- _What the task requires_:
Give the listing again exactly, omitting its images.

- _Input data_:
********

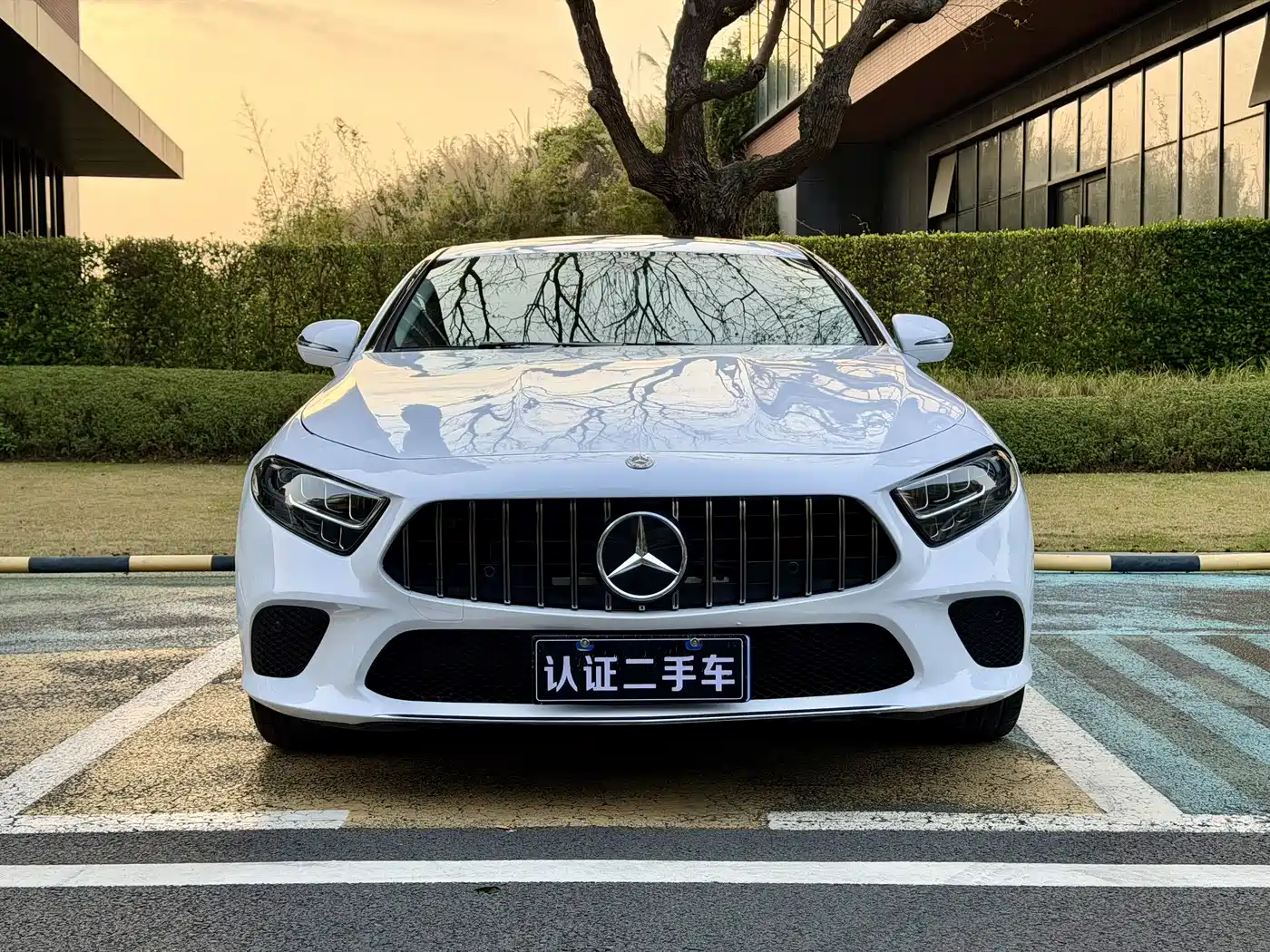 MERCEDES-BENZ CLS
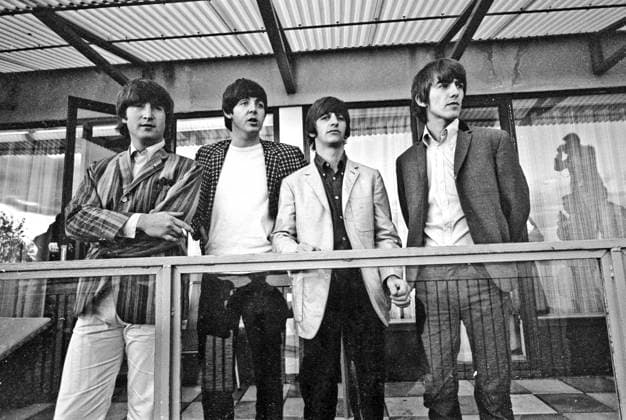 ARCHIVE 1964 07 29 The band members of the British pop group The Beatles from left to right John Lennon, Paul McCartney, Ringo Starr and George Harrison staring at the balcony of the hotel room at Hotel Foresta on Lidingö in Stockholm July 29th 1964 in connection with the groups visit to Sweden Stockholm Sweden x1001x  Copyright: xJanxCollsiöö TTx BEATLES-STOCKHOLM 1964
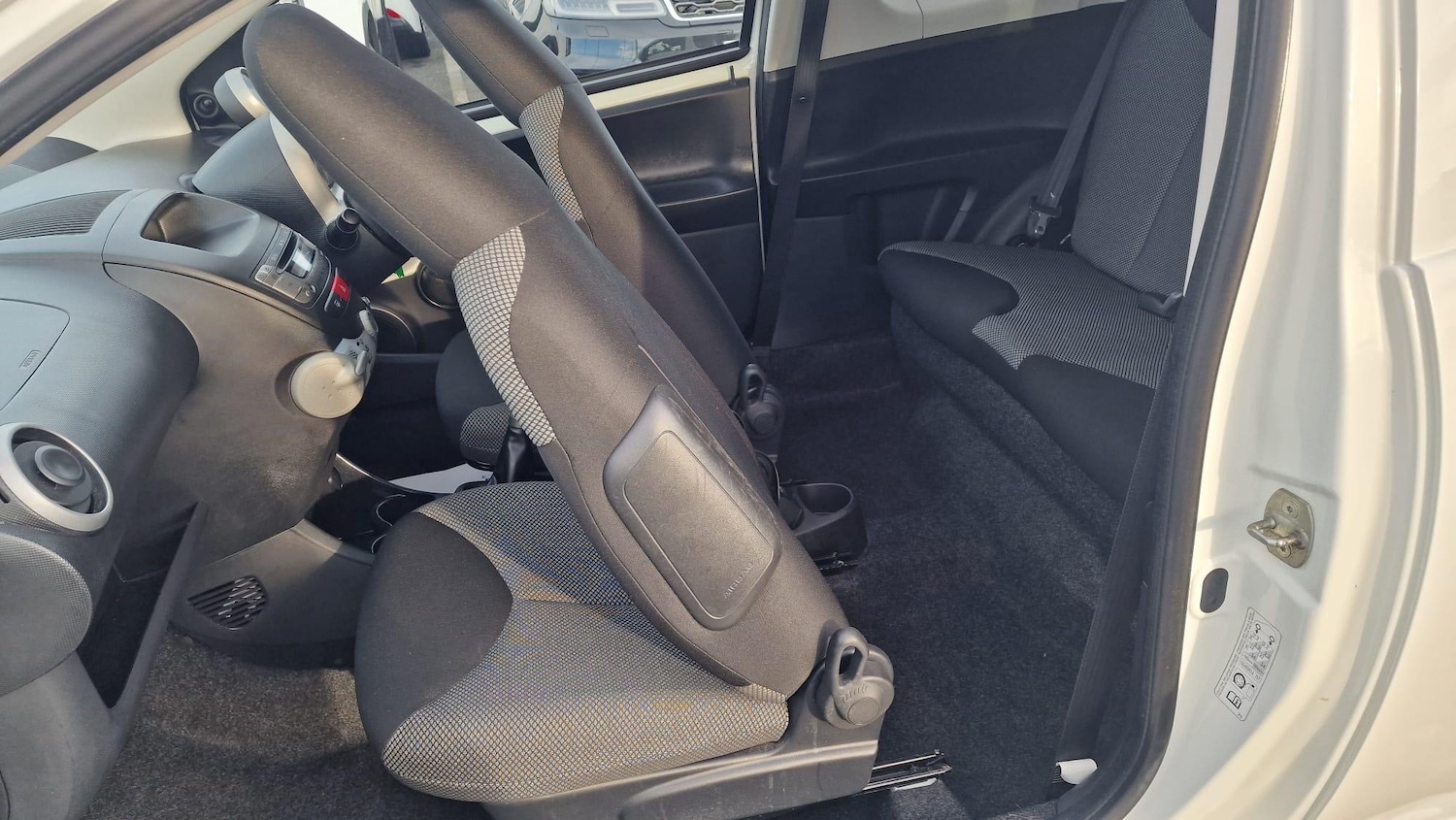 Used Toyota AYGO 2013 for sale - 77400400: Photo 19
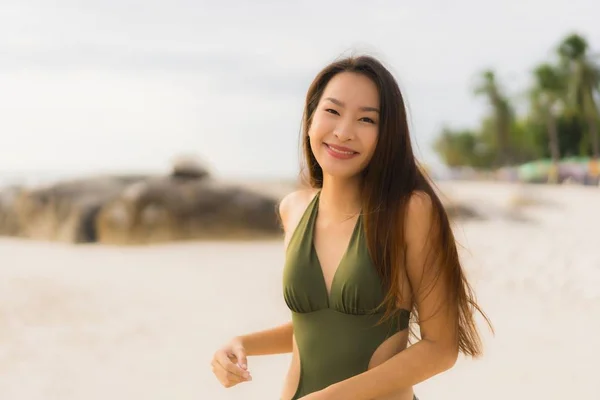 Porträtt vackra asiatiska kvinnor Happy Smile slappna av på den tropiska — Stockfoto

********

- _Response_:
 MERCEDES-BENZ CLS
 ARCHIVE 1964 07 29 The band members of the British pop group The Beatles from left to right John Lennon, Paul McCartney, Ringo Starr and George Harrison staring at the balcony of the hotel room at Hotel Foresta on Lidingö in Stockholm July 29th 1964 in connection with the groups visit to Sweden Stockholm Sweden x1001x  Copyright: xJanxCollsiöö TTx BEATLES-STOCKHOLM 1964
 Used Toyota AYGO 2013 for sale - 77400400: Photo 19
 Porträtt vackra asiatiska kvinnor Happy Smile slappna av på den tropiska — Stockfoto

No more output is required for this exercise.